Chapter 33 Bone Metastases

Introduction

Bone metastases are common in patients with advanced malignancies. Autopsy series have shown an incidence of approximately 70% in breast and prostate cancer and 35% in lung cancer.1,2 Osseous metastases can profoundly influence quality of life and prognosis. Early and accurate detection is important for therapeutic planning, and many imaging modalities can be used for this purpose. X-ray–based technologies such as radiography and computed tomography (CT) image bone calcium, skeletal scintigraphy (SS; bone scan) detects bone formation, magnetic resonance imaging (MRI) images the soft tissue of the marrow cavity, and positron-emission tomography (PET) reflects the glucose metabolism of the lesions. The therapeutic response of bony metastases can be assessed through means of response criteria that are also used to determine the clinical efficacy of cancer therapy. Response criteria developed at the M. D. Anderson Cancer Center (MDA criteria) are useful for interpreting the behavior of bone metastases.3,4 Successful new therapies are prolonging the lives of cancer patients with a concomitant increase in skeletal metastasis–related complications such as pain, pathologic fractures, and spinal cord compression.2,5 Patients with multiple painful bone metastases can be treated with systemic therapy such as bisphosphonates or radiopharmaceuticals.

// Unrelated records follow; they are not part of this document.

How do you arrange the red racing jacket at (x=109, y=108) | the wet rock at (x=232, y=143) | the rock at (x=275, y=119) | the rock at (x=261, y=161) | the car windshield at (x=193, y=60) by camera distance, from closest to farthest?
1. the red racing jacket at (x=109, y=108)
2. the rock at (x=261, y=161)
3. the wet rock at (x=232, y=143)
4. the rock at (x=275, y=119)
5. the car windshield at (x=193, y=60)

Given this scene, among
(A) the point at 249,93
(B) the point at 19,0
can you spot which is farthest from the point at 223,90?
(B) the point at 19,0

When symptomatic lesions are limited in number, they can be treated with radiation therapy, surgery, or percutaneous techniques such as vertebroplasty or radiofrequency ablation (RFA). This chapter discusses the role of imaging in the detection and therapeutic response of bony metastases with a discussion of treatment including topics such as medical therapy, radiation, surgery, and percutaneous procedures.

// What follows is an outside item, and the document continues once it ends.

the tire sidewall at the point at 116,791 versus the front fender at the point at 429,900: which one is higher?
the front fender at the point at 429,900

Distribution and Pathophysiology

Cortical bone is composed of compact, lamellar bone that provides structural support and forms a heavily calcified, well-defined boundary for the marrow cavity. The marrow contains delicate trabecular bone and either red, hematopoietic or yellow, fatty marrow. The majority of bone metastases are hematogenous and may spread by arterial or venous routes. Venous backflow to the spine and pelvis can occur through a relatively valveless network of blood vessels called Batson’s vertebral plexus following Valsalva episodes of increased abdominopelvic or intrathoracic pressure.6,7 Skip metastases are uncommon, occurring most frequently in osteosarcoma and rarely in patients with Ewing’s sarcoma.8,9 They are defined as lesions that are anatomically separate from a primary bone malignancy but arise either in the same bone or directly across an adjacent joint in the absence of other bony metastases. Enneking and Kagan10 proposed that skip metastases could arise in the same bone through invasion of the venous sinusoids of the marrow cavity and that transarticular spread could occur through venous backflow, similar to the mechanism involving Batson’s plexus.

Following the distribution of highly vascular red marrow, osseous metastases occur most commonly in the medullary cavity of the bones of the axial skeleton. In a study of 4105 bone metastases in 2001 patients, Clain11 reported the highest incidence of lesions in the vertebrae (33.5%), pelvis (19.9%), ribs (12.2%), femora (12.3%), skull (6.8%), and humeri (4.7%) (Figure 33-1).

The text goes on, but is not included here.